Mohammadi-Fallah Mohammadreza, Hamedanchi Sepehr, Tayyebi-Azar Ali
Urology, Nephrology & Kidney Transplant Research Center, Department of Urology, Imam Medical Center, Urmia University of Medical Sciences, Urmia, Iran.
Korean J Urol. 2012 Jun;53(6):419-23. doi: 10.4111/kju.2012.53.6.419. Epub 2012 Jun 19.
To investigate the prophylactic effect of Tamsulosin, a super-selective alpha-1a adrenergic blocking agent, on the development of urinary retention in men undergoing elective inguinal herniorrhaphy.
From May 2010 through November 2011, a total of 80 males who underwent elective inguinal herniorrhaphy in a university hospital were included in this study. Patients were randomly assigned to one of two groups. In group one (control), the patients were given two doses of placebo orally, 6 hours before surgery and 6 to 12 hours after surgery. Patients in group two were given 0.4 mg of Tamsulosin orally in the same manner as the placebo. All patients were closely followed for 24 hours post-operatively, and any voiding difficulties or urinary retention was recorded.
There were 40 patients in group one (control group) and 40 patients in group two (Tamsulosin group). The patients' mean age was 64 years. In group one, 6 patients and in group two, 1 patient required catheterization. Thus, 15% of patients in group I and 2.5% of patients in group II had urinary retention. The difference in the requirement for catheterization was statistically significant (p=0.04).
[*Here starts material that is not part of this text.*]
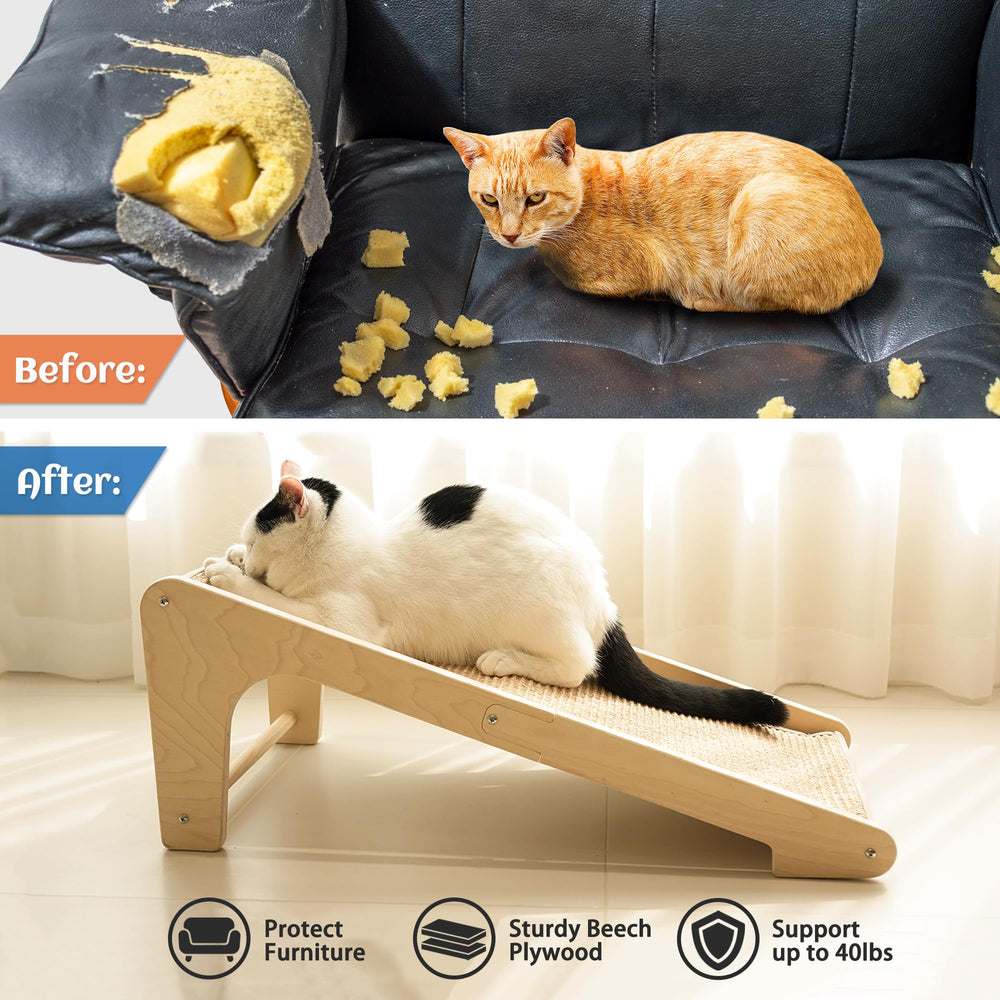 PETKARAY mentas para gatos incluidas, recompensa atractiva para rascar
The technique of herniorrhaphy, the side of the body in which the hernia was located, the type of anesthesia, the duration of the surgery, and the severity of pre-operative urinary symptoms had no significant effect on the incidence of urinary retention.
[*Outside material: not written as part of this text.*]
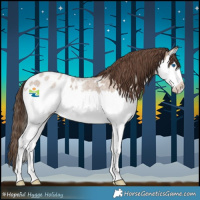 Horse Color:Classic Champagne Roan Splash Appaloosa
The use of perioperative Tamsulosin represents an effective strategy to reduce the risk of post-operative urinary retention following inguinal herniorrhaphy.
探讨超选择性α-1a肾上腺素能阻滞剂坦索罗辛对择期腹股沟疝修补术男性患者尿潴留发生的预防作用。
2010年5月至2011年11月,一所大学医院中80例行择期腹股沟疝修补术的男性患者纳入本研究。患者被随机分为两组。第一组(对照组)患者在手术前6小时及手术后6至12小时口服两剂安慰剂。第二组患者以与安慰剂相同的方式口服0.4毫克坦索罗辛。所有患者术后密切随访24小时,记录任何排尿困难或尿潴留情况。
第一组(对照组)有40例患者,第二组(坦索罗辛组)有40例患者。患者平均年龄为64岁。第一组有6例患者,第二组有1例患者需要导尿。因此,第一组15%的患者和第二组2.5%的患者发生了尿潴留。导尿需求的差异具有统计学意义(p = 0.04)。疝修补术技术、疝所在身体侧别、麻醉类型、手术持续时间以及术前尿路症状的严重程度对尿潴留发生率无显著影响。
围手术期使用坦索罗辛是降低腹股沟疝修补术后尿潴留风险的有效策略。